John Maddock wrote:
Vladimir Prus wrote:
Here's the outstanding issue: suppose I have a quickbook file that references some png's (or whatever):
[$../graphs/graph1.png]
The path ../ is set up so that it's relative to where the html docs are generated (in a html/ subdirectory), but FO files and PDF's currently end up in a long mangled path under bin.v2/. So... neither admonishment graphics, nor referenced image files are found, unless you manually move them to where the FO processor is looking for them. Not fun :-(
I think the idea of "setting paths ... so that it's relative to where the html docs are generated" is wrong -- if you add "--build-dir" option to bjam, all your paths will be wrong, even with HTML.
Is there any option to quickbook/boostbook/docbook to specify search paths for images?
Yes there is, it's the image.src.path option.

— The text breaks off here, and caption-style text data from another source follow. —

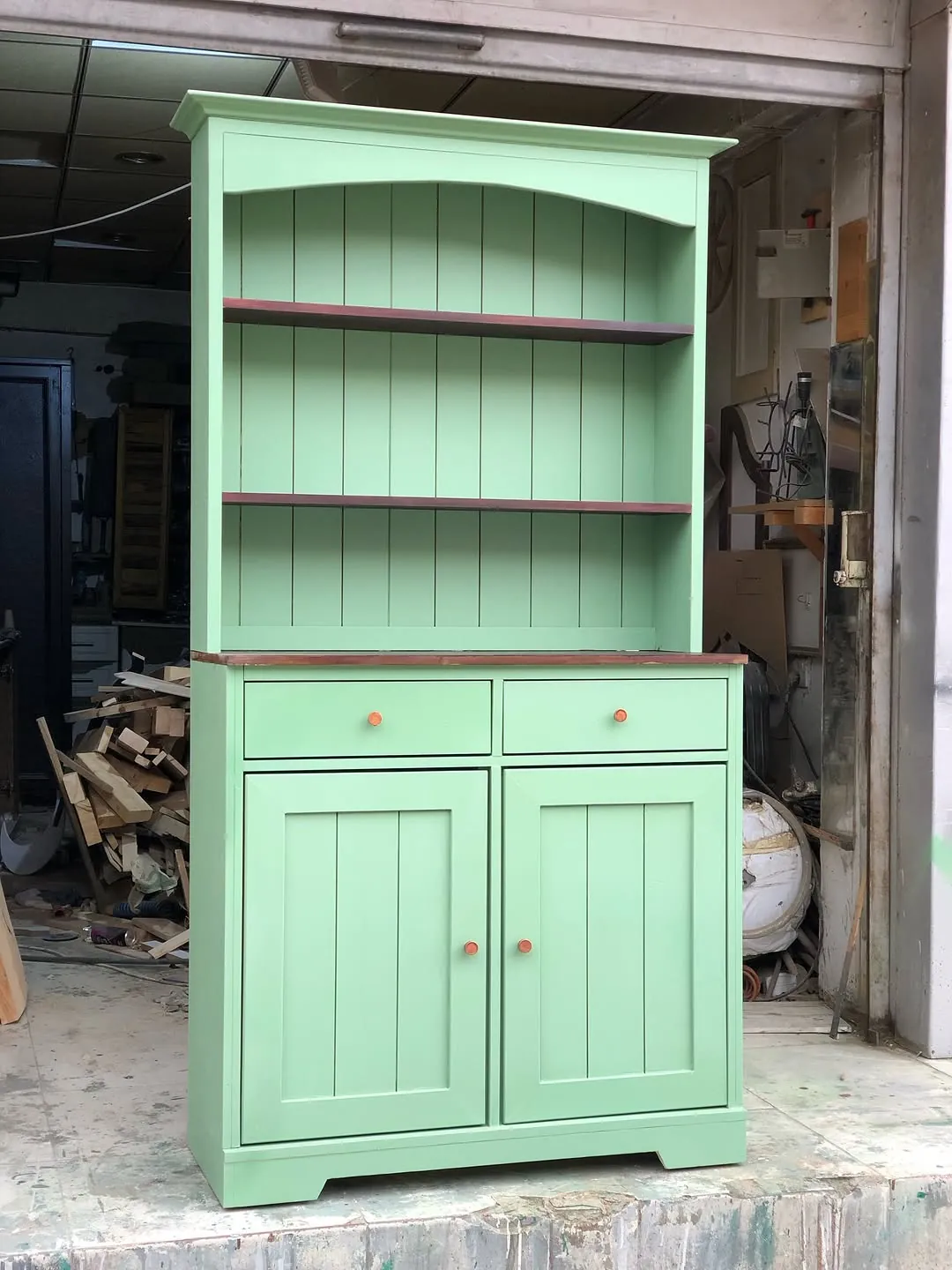 Green Wooden Cabinet with Shelves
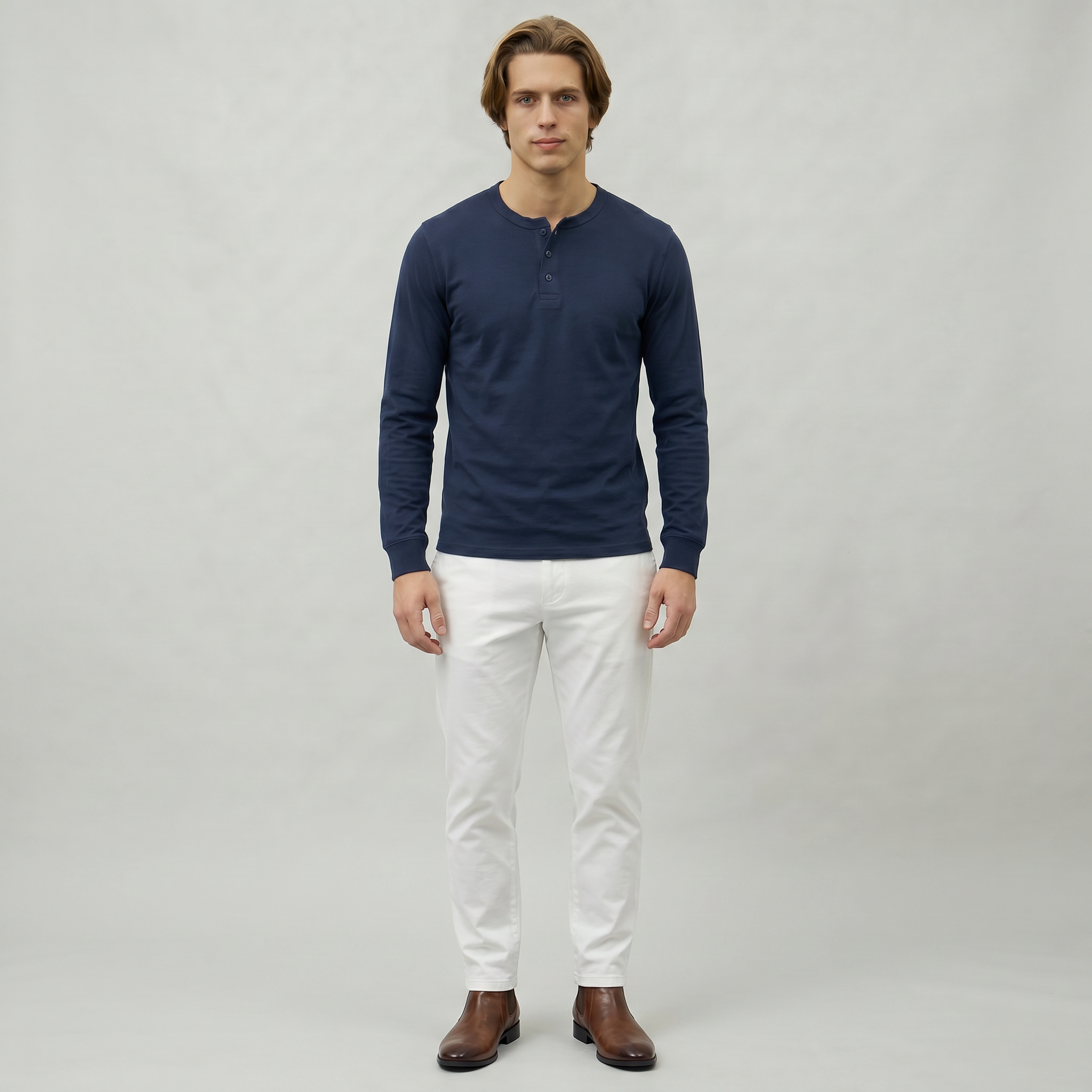 Men’s Long Sleeve Henley Shirt - Button Neck Regular Fit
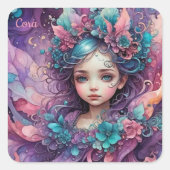 CORA ~ WOW! Fairy Pink Blue Lavender ~ Quadratischer Aufkleber (Vorderseite)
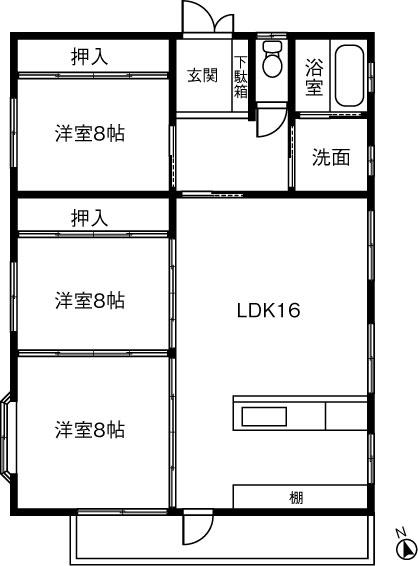 さくらビル(3LDK/3階)の間取り写真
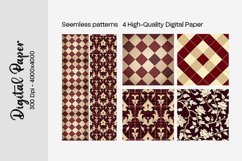 Burgundy Digital Papers | Floral Digital paper Product Image 2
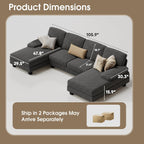 Furmax Sectional Couches for Living Room, U-Shaped Sofa Couch with Linen Fabric, 4 Seat Sofa Set with Double Chaise for Apartment (Corduroy, Dark Grey)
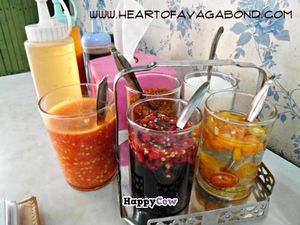 sauces at Ruyi Vegetarian in Bangkok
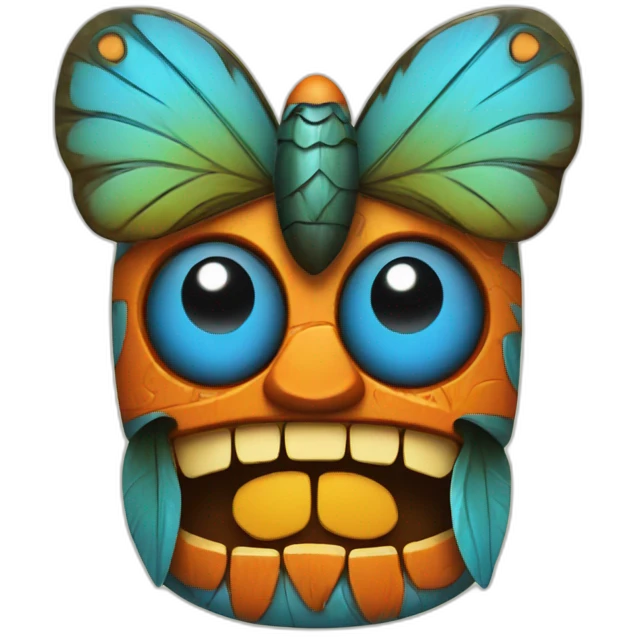 Tiki with colors blue and orange-butterfly emoji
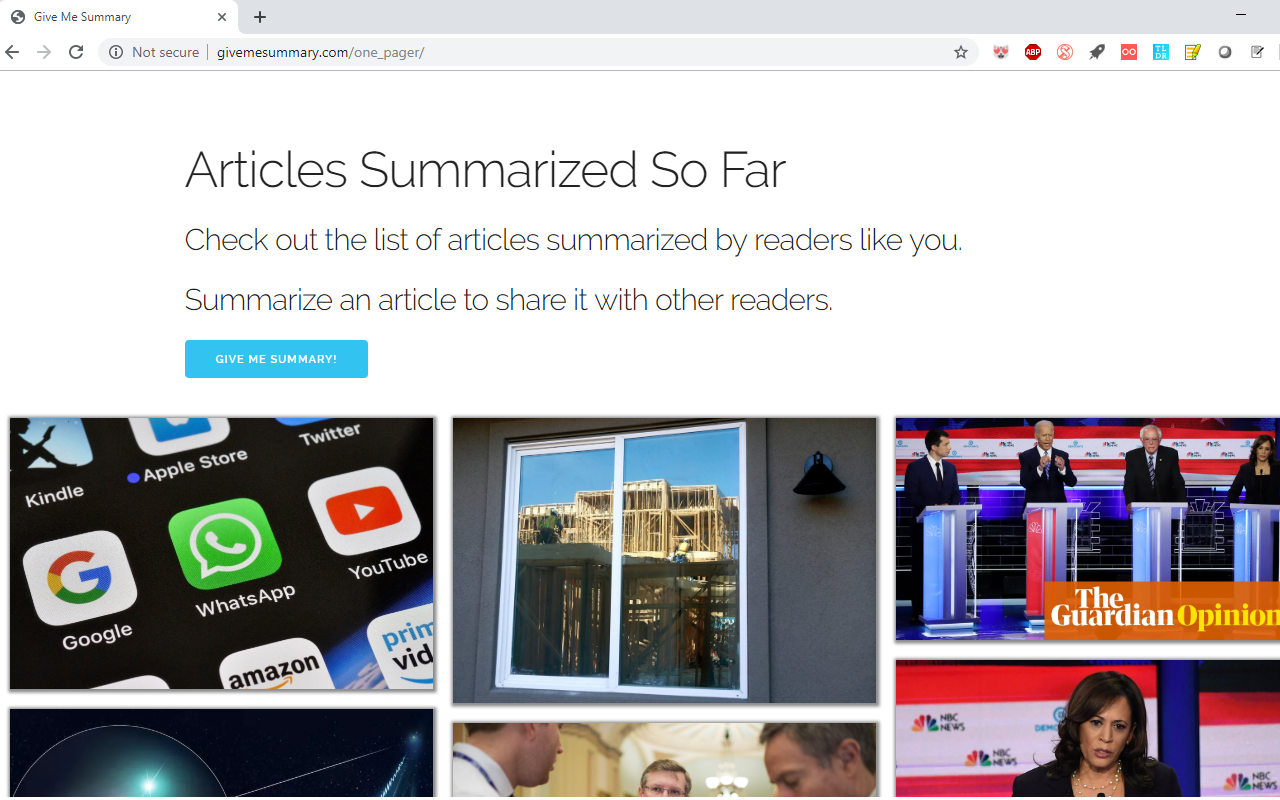 Give Me Summary chrome谷歌浏览器插件_扩展第1张截图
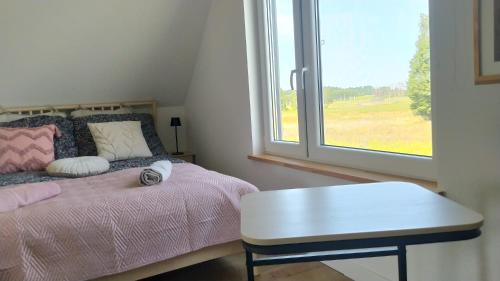 Postel nebo postele na pokoji v ubytování agroturystyka domek na trawie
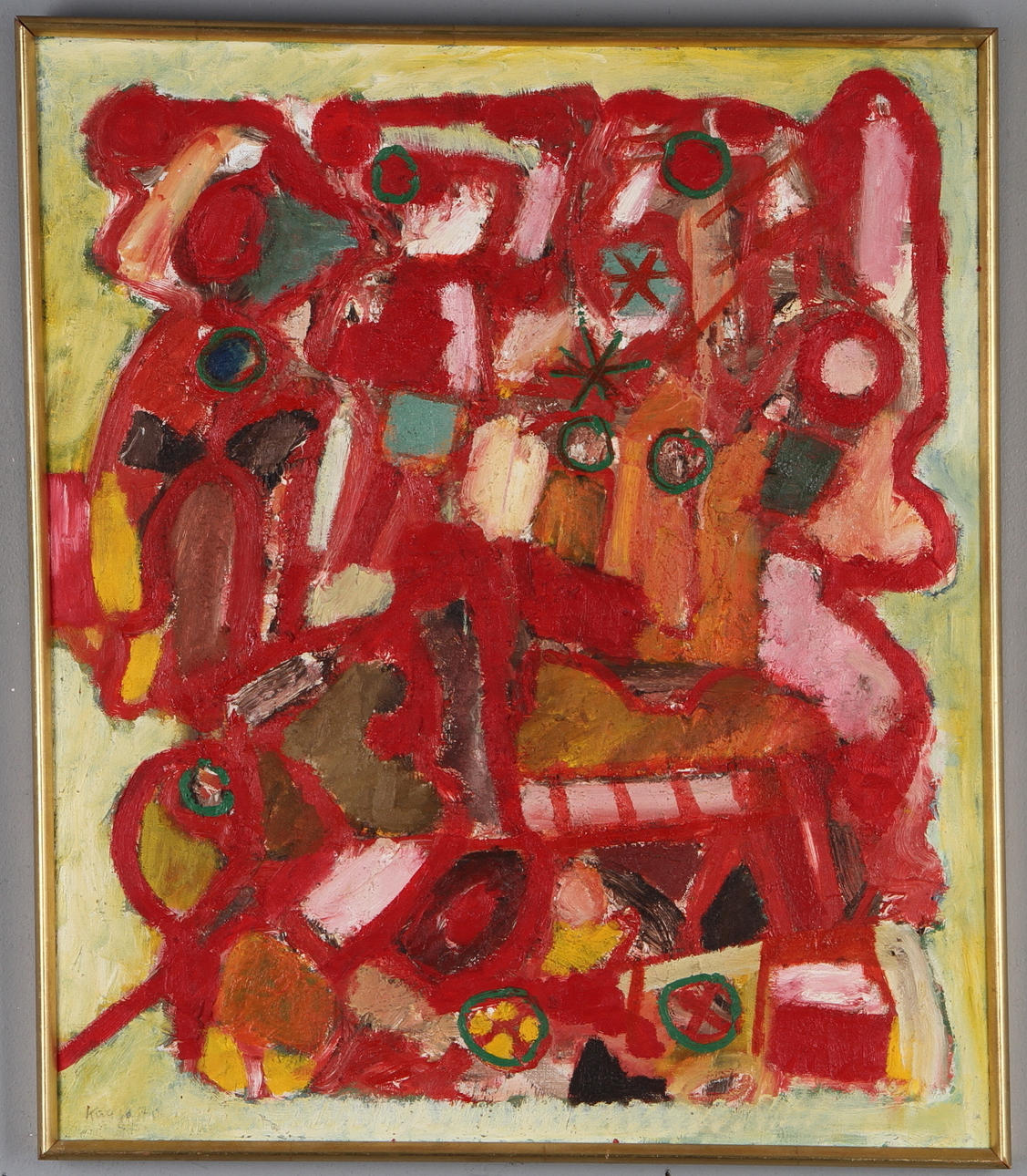 OKÄND KONSTNÄR. Komposition, olja på duk, signerad.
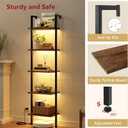 Tajsoon 5-Tier Ladder Shelf with LED Light, Wall Mounted Ladder Bookshelf with Metal Frame, Wall Ladder Bookshelf for Living Room, Bedroom, Office, Rustic Brown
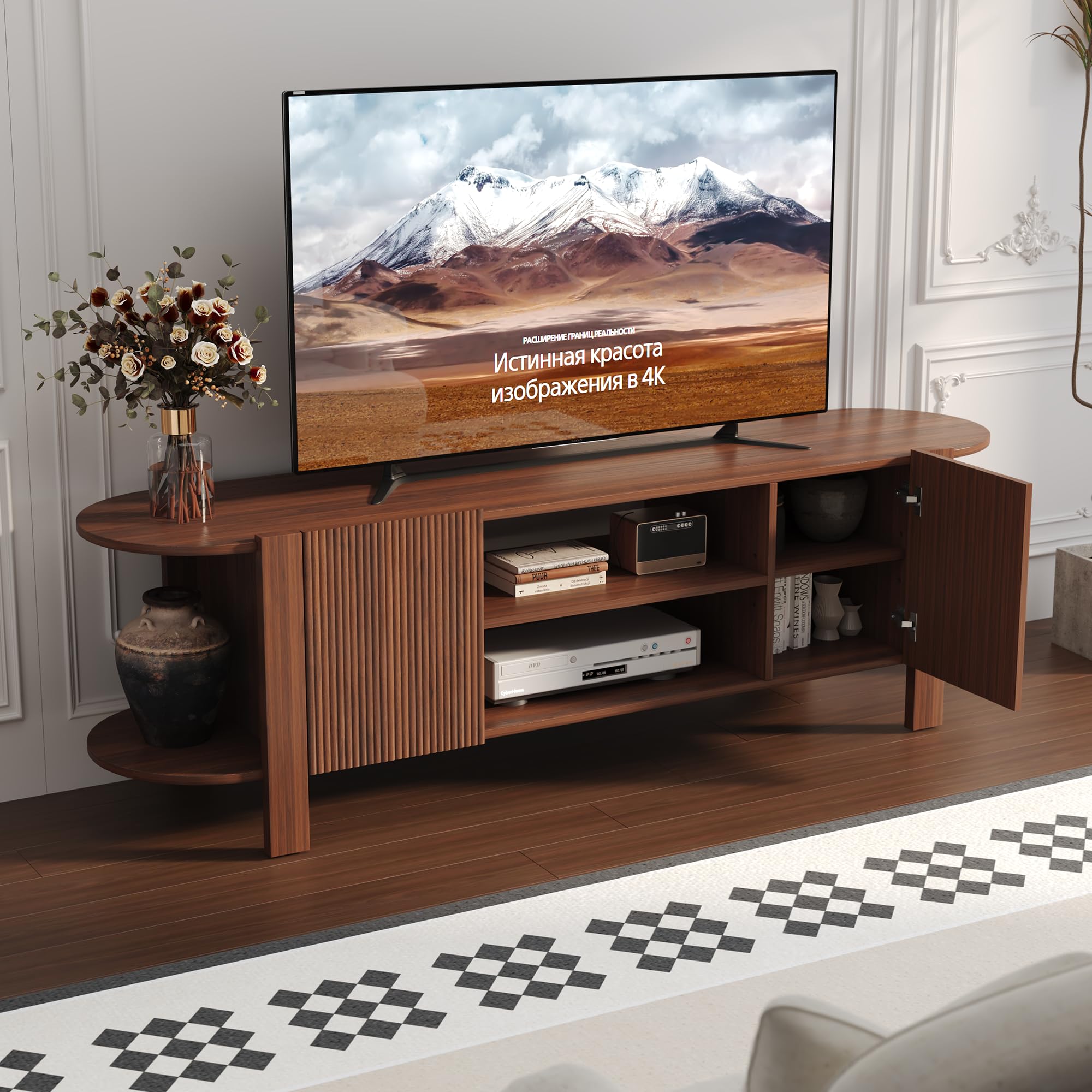 65" Fluted TV Stand with Storage Cabinet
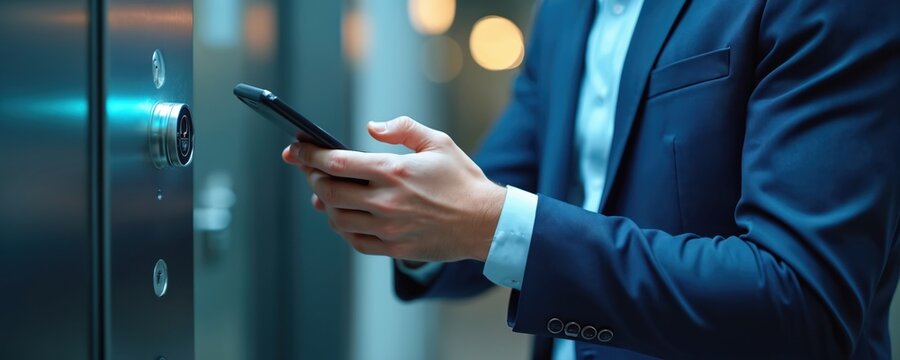 Business man in elegant blue suit unlocks elevator with smartphone. Modern tech integration for security and convenience in workplace. Smart building access system concept.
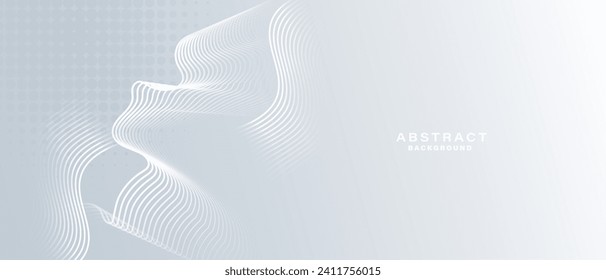 Grey color abstract background with wavy lines. Digital technology concept. Vector illustration.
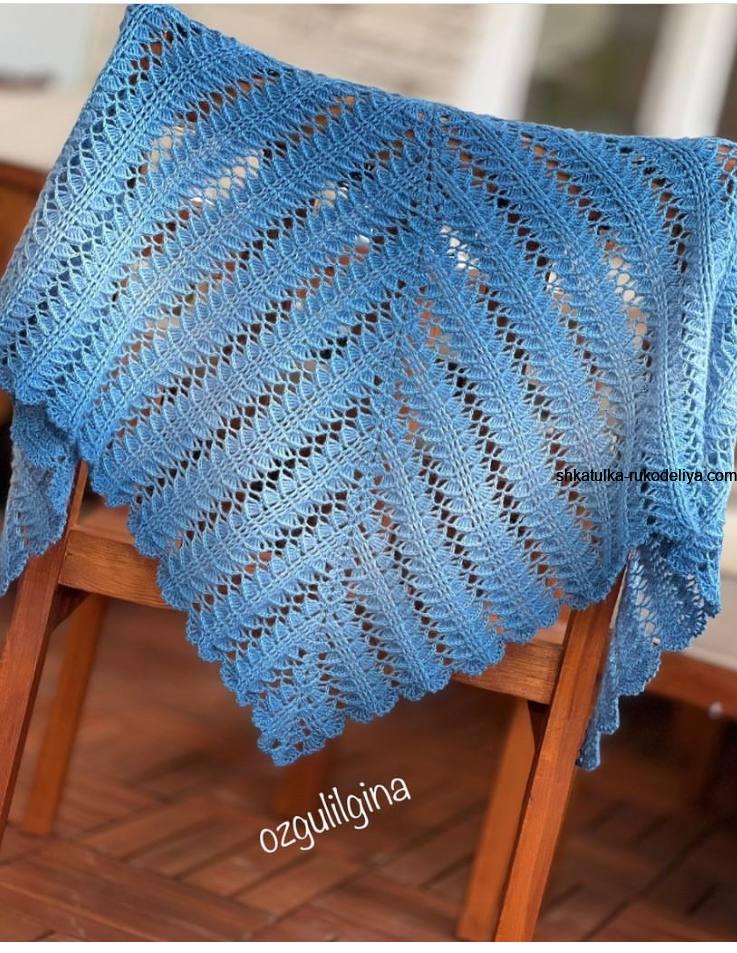 chal de crochet con hilo fino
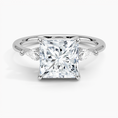 Load image into Gallery viewer, Cometa Princess Cut Three Stone Moissanite Engagement Ring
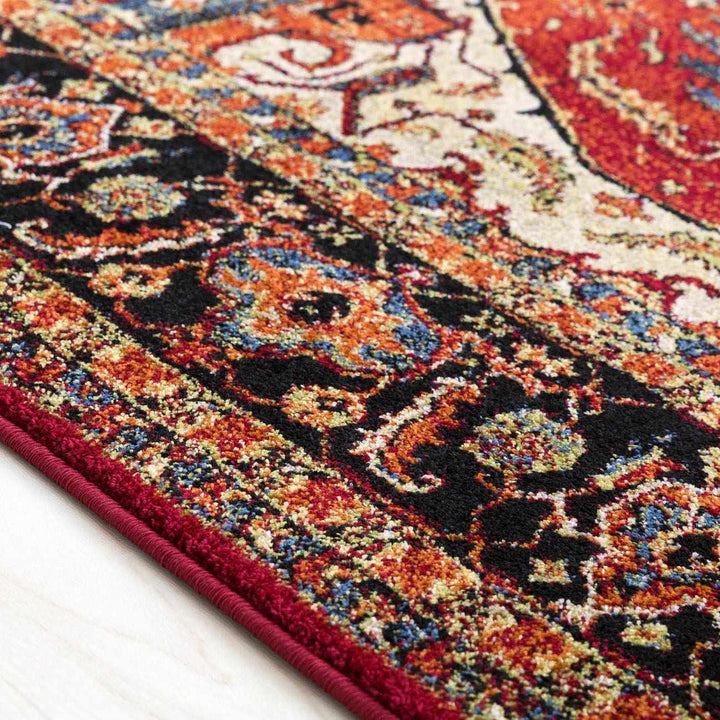 Malpas Traditional Style Red And Black Area Rug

I haven't tried it though, because the path specified in the <xsl:param> Jamfile option requires a trailing / in the name,
Truly weird interface, I would say.
but bjam "helpfully" strips the slash from filenames, so specifying paths to external elements that way is currently broken anyway.
In any case, how would we set a relative URL from what is currently an "unmentionable" path where the pdf docs are built to the image location? Or even an absolute path for that matter - is $(BOOST_ROOT) generally available in a Jamfile these days?
It is, as a quick look at $svn_trunk/Jamroot will reveal.
So the question is how do we get the server to "work". If we instruct it to build from a Jamfile in SVN, then IMO we need to fix up BBv2 so that .fo and .pdf files get placed in a sub-directory (called pdf?) just like HTML does, and then hopefully external image files will get automatically found. In fact I believe this is the "right thing to do" anyway, as it eases local building.
Uh, well, removing toolset and other things from build path will be easy. The problem is that now HTML generation is weird -- it generates to $srcdir/html and unconditionally putting thigns to srcdir is bad. So I'd suppose we need to fix that first, and then again, relative paths to images won't work.
I can only speak for myself here: but personally I really like where the html is placed now, and I'd like pdf's etc to do the same.
So, the requirement that user should be able to build boost from a readonly medium without copying is lifted?
Frankly I'd be pretty unhappy if the location changed, and coincidently, it would break quite a bit of Boost's current docs.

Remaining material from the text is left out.